It's also about halfway that we see what we've expected all along. Willard Spanner travelled from San Francisco to New York in less than three hours in a sophisticated piece of flying machinery, a ball that can move at high speed in any direction without causing gravitational problems for the occupants. It would surely be the logical future of the aëronautical industry if only... well, if you read 'The Spook Legion', you won't be surprised at how this one ends; if 'The Roar Devil' follows suit, then we'll have a new trend on our hands.
There are other trends apparent too. One long-running trend is enhanced here when Monk appears to have been killed in a fight; he has two deep and bloody gouges to his head. Ham, whose long-running feud with Monk we know is an act, is distraught. 'He's the best friend I've got,' he wails, only to revert to his usual antagonistic type when it becomes clear that Monk is alive after all.
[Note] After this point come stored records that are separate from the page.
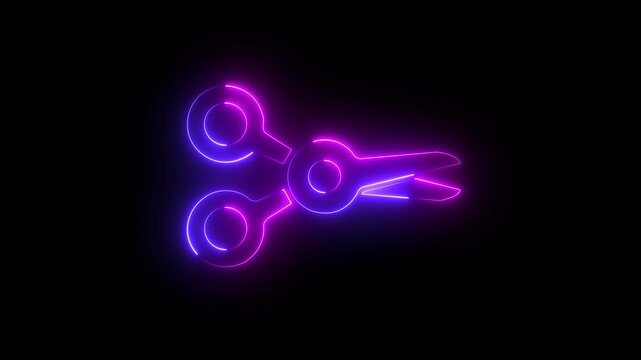 Neon clipping tool icon glowing black background animation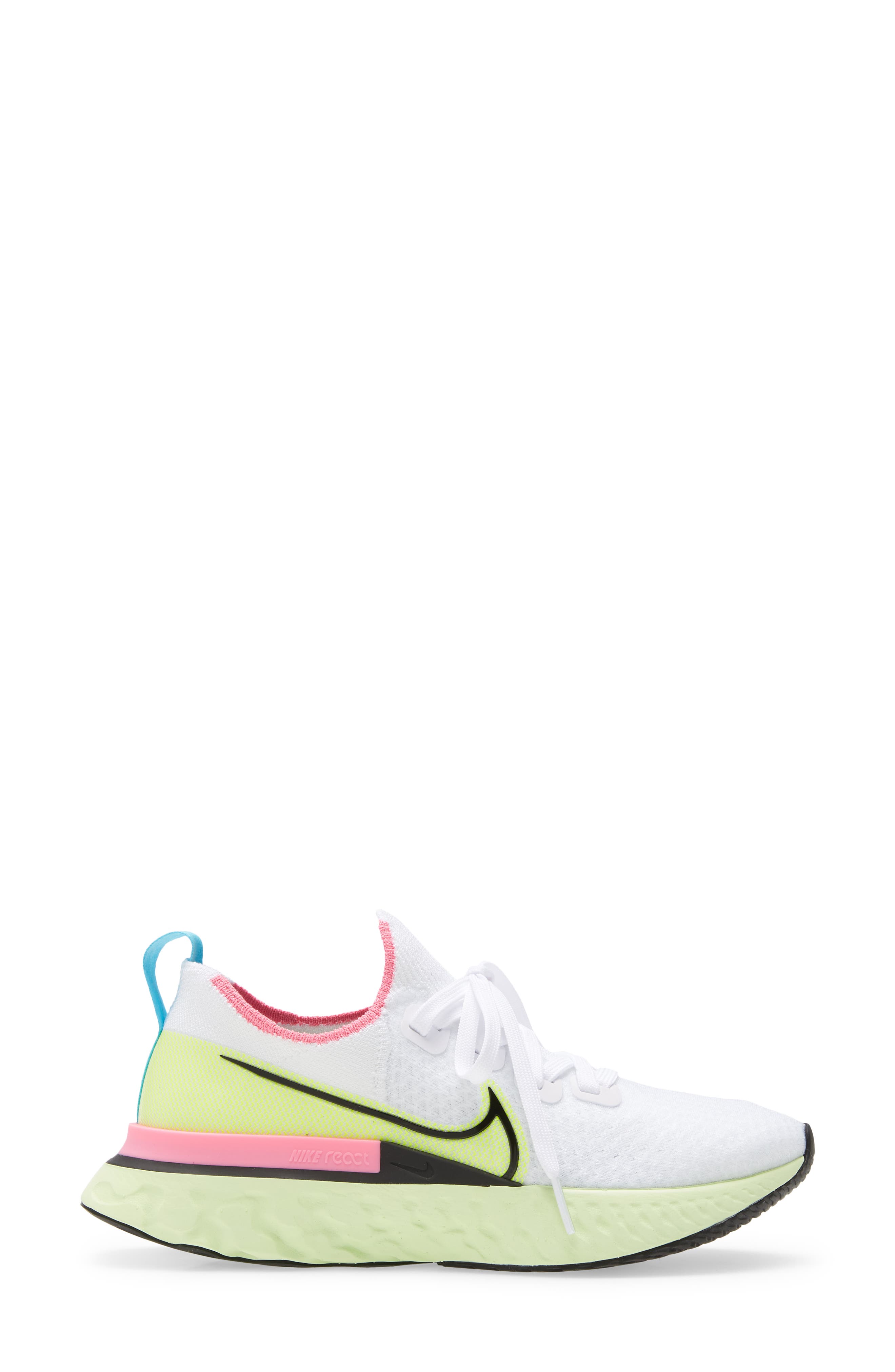 React Infinity Run Flyknit Running Shoe, Alternate, color, WHITE/ BLACK-VOLT-PINK GLOW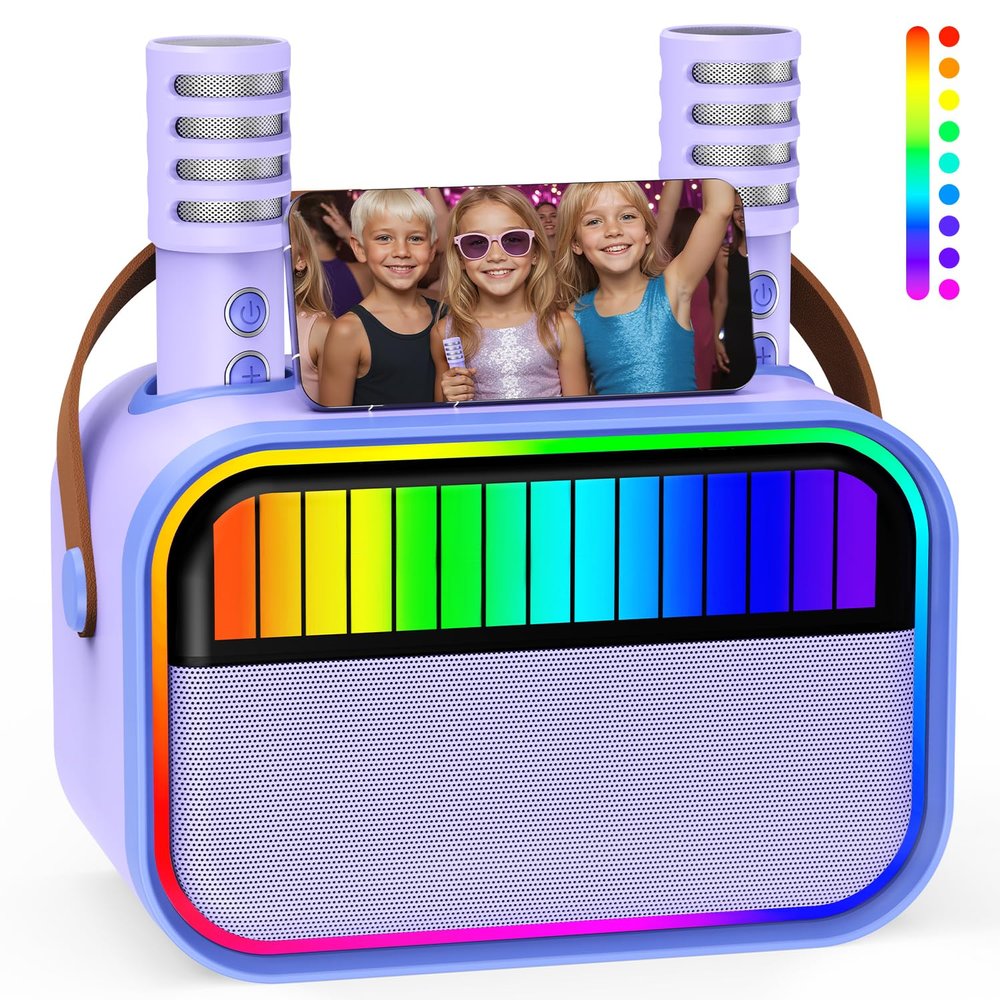VERKB Karaoke Machine for Kids, Kids Toys for 3-12 Years Old Girls Birthday Presents, Portable Bluetooth Karaoke Speaker with 2 Microphones, Girls Gifts for Kid Party Christmas Birthday(Purple)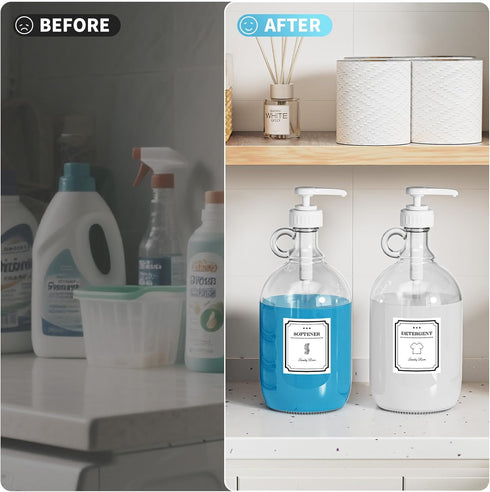 Dispenser,64oz 4 Labels,2 Pack Laundry Detergent Fabric Softener Dispenser,Glass Liquid Laundry Detergent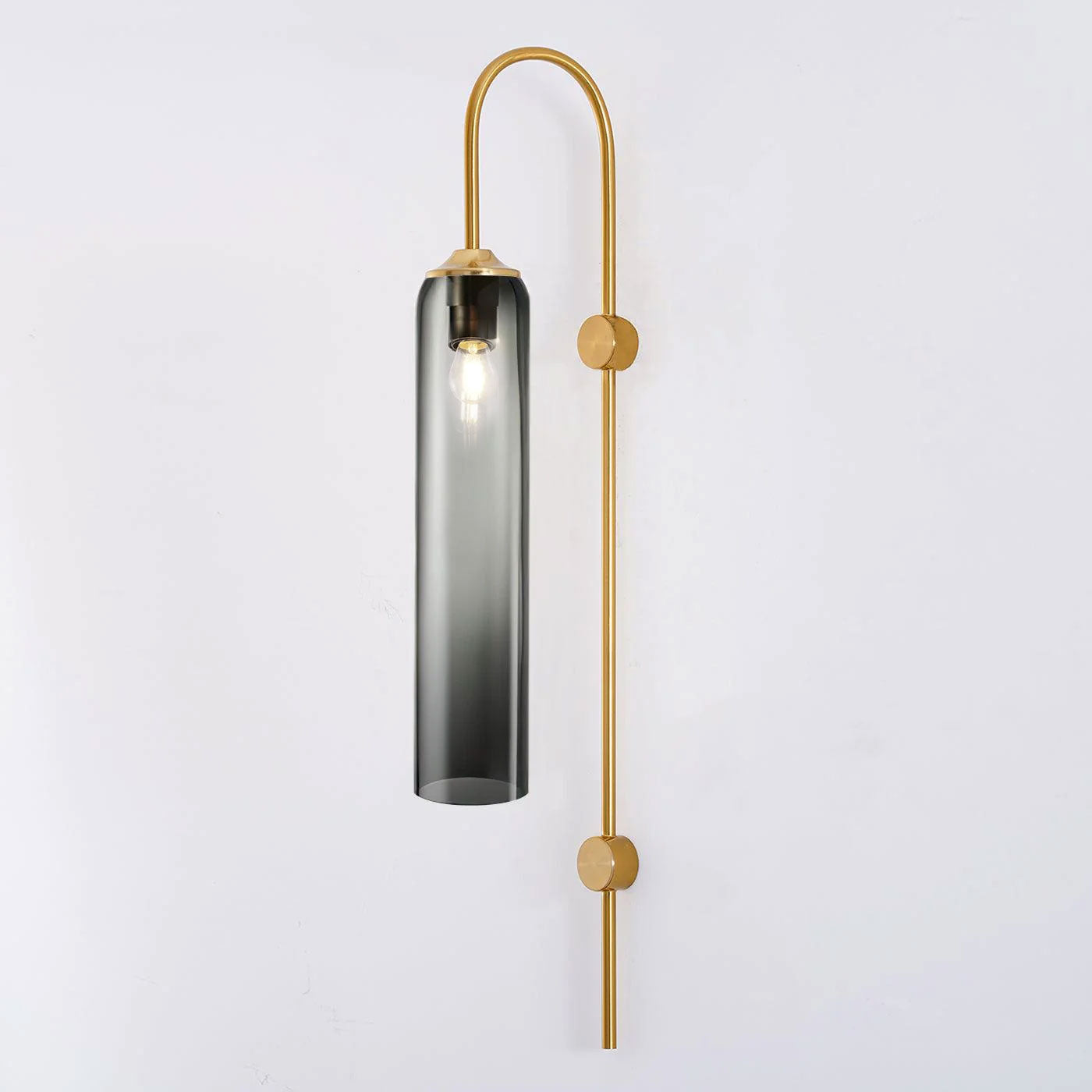 Modern glass wall lamp angled view with arched arm
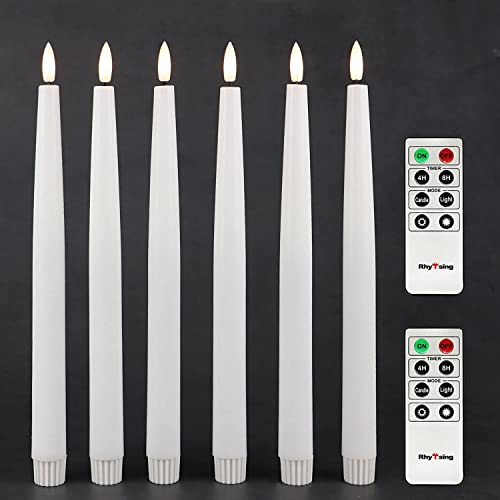 6 flammenlose LED Stabkerzen Tafelkerzen Weiß mit Timer Funktion, Höhe je 29cm, Leuchterkerzen mit warmweißes Licht, 2 Fernbedienung enthalten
One possible trend is that Dent chose here to mention a Tulsa newspaper by name. It's 'The Graphic', which probably isn't real, but still sounds more realistic than 'the leading Phoenix newspaper', which is what he used in 'The Red Skull'.
Another trend, new in 'The Spook Legion', the previous novel, but emphasised here is Doc's ability to sway people to his needs, not through his hypnotic gold-flaked eyes but by his connections. We learned early in the series that the New York police department had given Doc and his men honorary commissions and 'The Thousand-Headed Man' added that he had a similar in with the London equivalent. There have been others too, but they've always been official positions. In 'The Spook Legion', it's his stature as the anonymous saviour of the opera company targeted by invisible men that gives him some clout and, here, we get two more examples. One is a commercial airline, whose employees are put at his service when he shows them a card; he owns a 'goodly portion' of their stock. The other is a newspaper, whose publisher won't play ball with him; he'll only hand over the notes that Doc needs in return for exclusive rights to his adventures. Doc nixes that by highlighting that he's both a federal agent and a director of the chain which owns the majority stock of the paper. 'You win,' replies the publisher.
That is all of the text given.